Gap not offset by reduced life expectancy due to higher rates of suicide among White Americans
The magnitude of lives shortened by gun violence in the US since the turn of the century has been more than twice as great among black Americans–particularly those up to the age of 20–as it has been among whites, finds research published online in BMJ Evidence Based Medicine.
The higher rates of firearms suicide among white Americans after the age of 20 hasn’t offset this yawning and widening racial gap in death rates linked to gun violence, the figures show.
Firearm deaths have become a major public health problem in the USA: US men can expect to live shorter lives than their peers in many other countries. And while overall US life expectancy increased from 76.8 in 2000 to 78.7 in 2014, it fell for the first time in 50 years in 2015, a trend that continued in 2016.
To try and quantify how much lives in the US might have been shortened by firearms assault and suicide since the turn of the century, and whether certain age groups and black Americans are disproportionately affected, the researchers used data for firearms deaths from 2000 to 2016.
The data came from the Centers for Disease Control and Prevention Wide-ranging Online Data for Epidemiologic Research (WONDER), and were categorised by age group, intent (suicide or assault), and race, and set against national estimates for life expectancy.
Reduced life expectancy usually falls with age, but it dropped suddenly at age 20 for black Americans as a result of being shot and killed, and steadily fell after the age of 20 among white Americans as a result of firearms suicide.
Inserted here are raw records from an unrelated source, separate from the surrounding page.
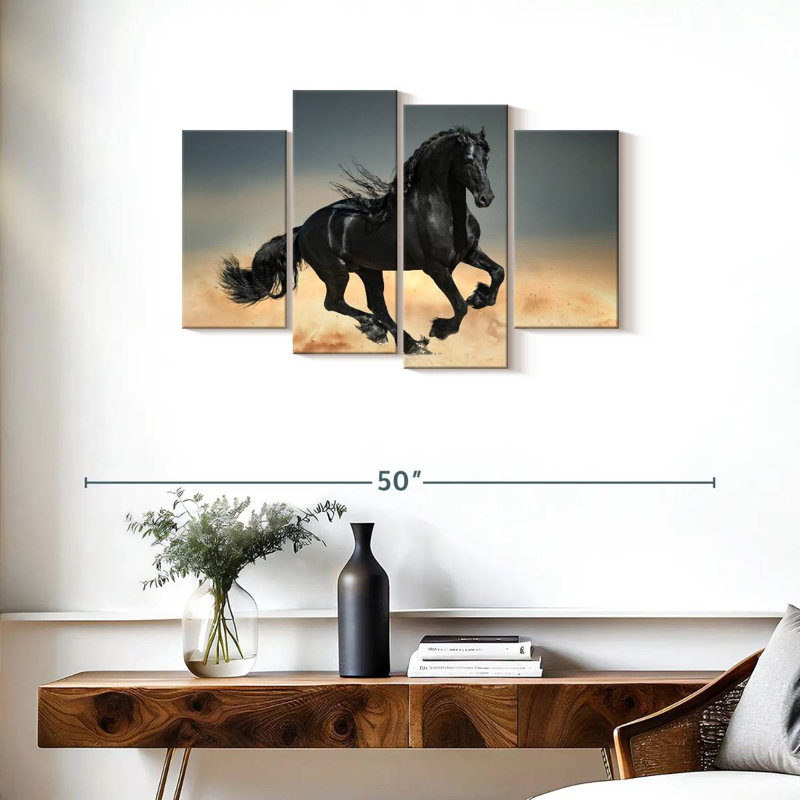 Brampt Black Desert Horse, 22" H x 36" W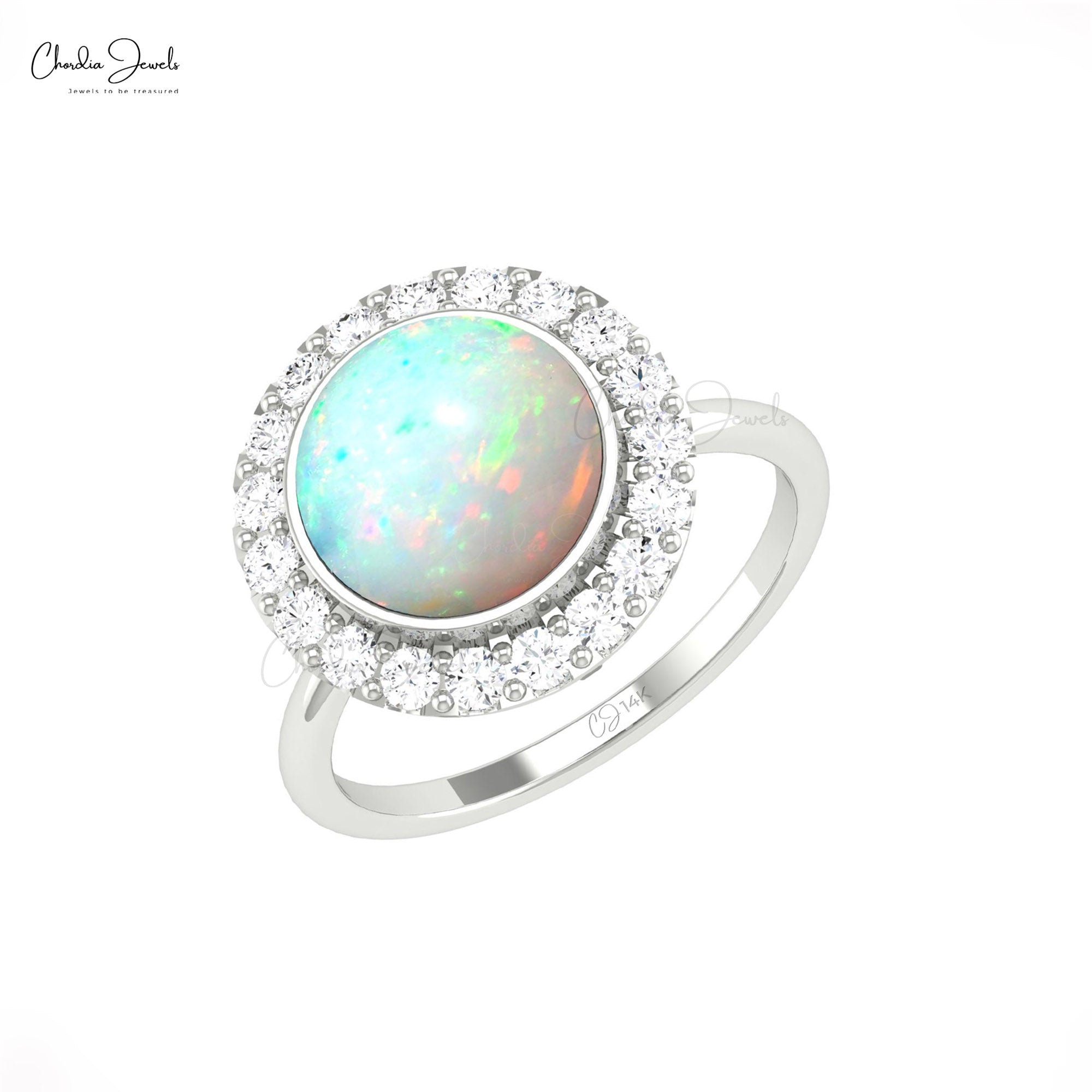 Cocktail Promise Ring With 2.45 Ct Fire Opal Halo Diamond Pave Set In 14k Real Gold Ring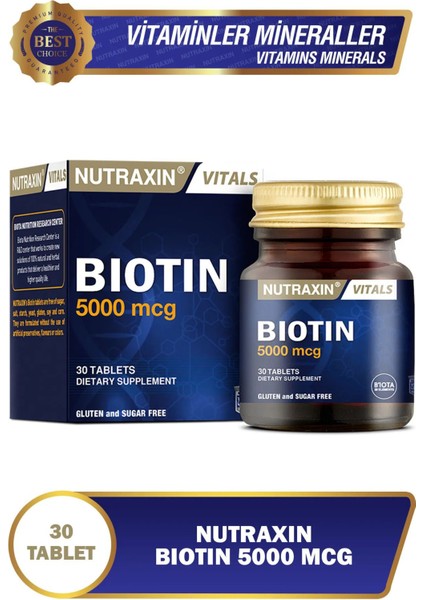 Biotin 5000 Mcg 30 Tablet 3'lü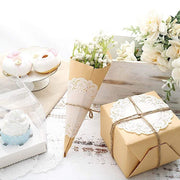 100 pcs Round Disposable Paper Doilies Placemats with Lace Trim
But although the premature shortening of life among whites over the age of 20 was greater than it was among blacks of the same age, this still didn’t offset the reduced life expectancy among blacks–a finding that “is indicative of persisting disparities in homicide among younger age groups,” say the researchers.
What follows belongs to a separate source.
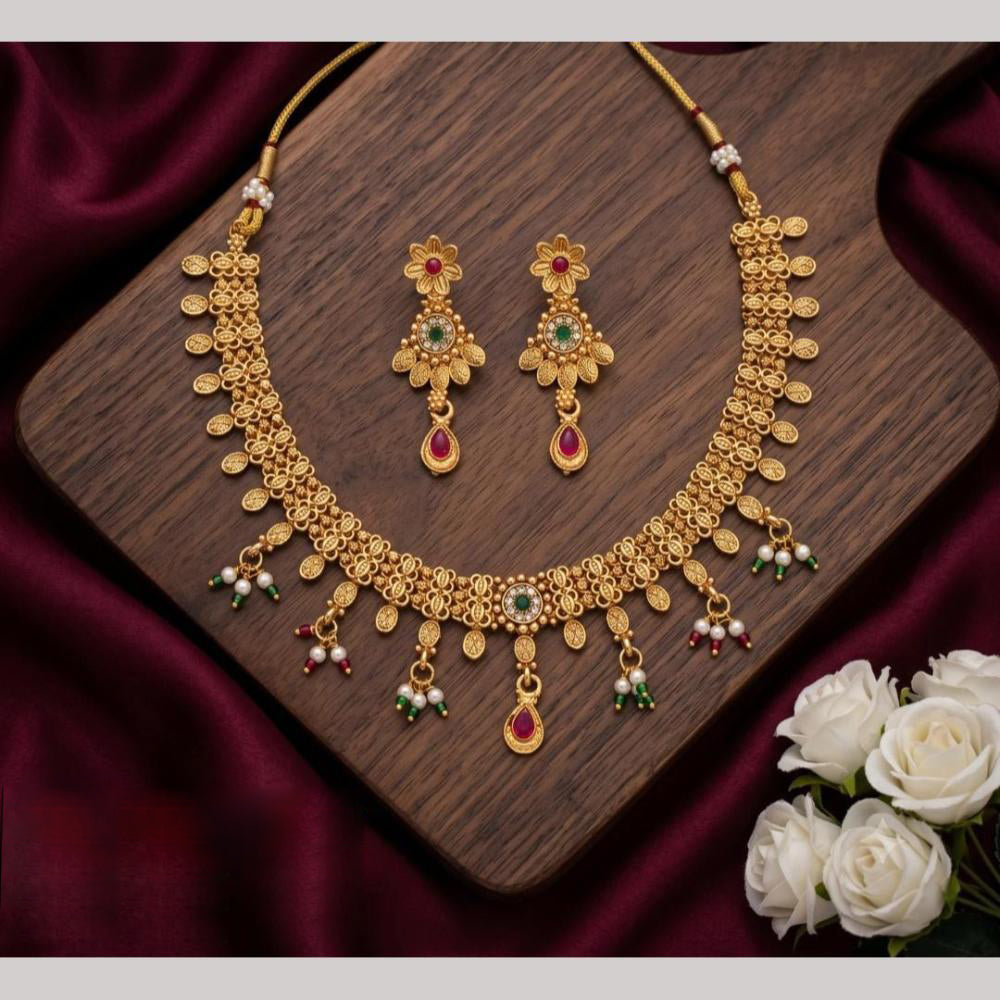 Tanish Art Jewellery Statement Pota Stone And Pearl Neckalce Set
The calculations showed that the overall reduced life expectancy as a result of gun violence was just under 2.5 years, but it was twice as high among black Americans (4.14 years) as it was among white Americans (2.23 years).
Shootings lopped nearly a year off life expectancy in total, but nearly 3.5 years for black Americans compared with under 6 months for whites.
Firearm suicides shortened lives by 1.43 years, but by just over 6 months in black Americans compared with 1.62 years in whites.
The study authors point out that research in 2000 revealed a difference in deaths linked to gun violence between black and white Americans–a trend that has continued–but this gap looks to have widened even further, with the total premature loss of life even greater.
“Our study using cumulative data from 2000 to 2016 demonstrates a total firearm life expectancy loss of 905.2 days, which is nine times greater than observed in 2000, indicating increasing life expectancy loss by year,” they write.
The authors acknowledge that the data didn’t enable them to look at deaths by ethnicity–Hispanics, for example–and that many ethnic groups may be included in what is understood by black American nationality.
“Americans lose substantial years of life due to firearm injury,” write the authors. “In the absence of comprehensive firearms legislation, targeted prevention programmes and policies are needed to mitigate the racial firearm injury gaps in the USA,” they conclude.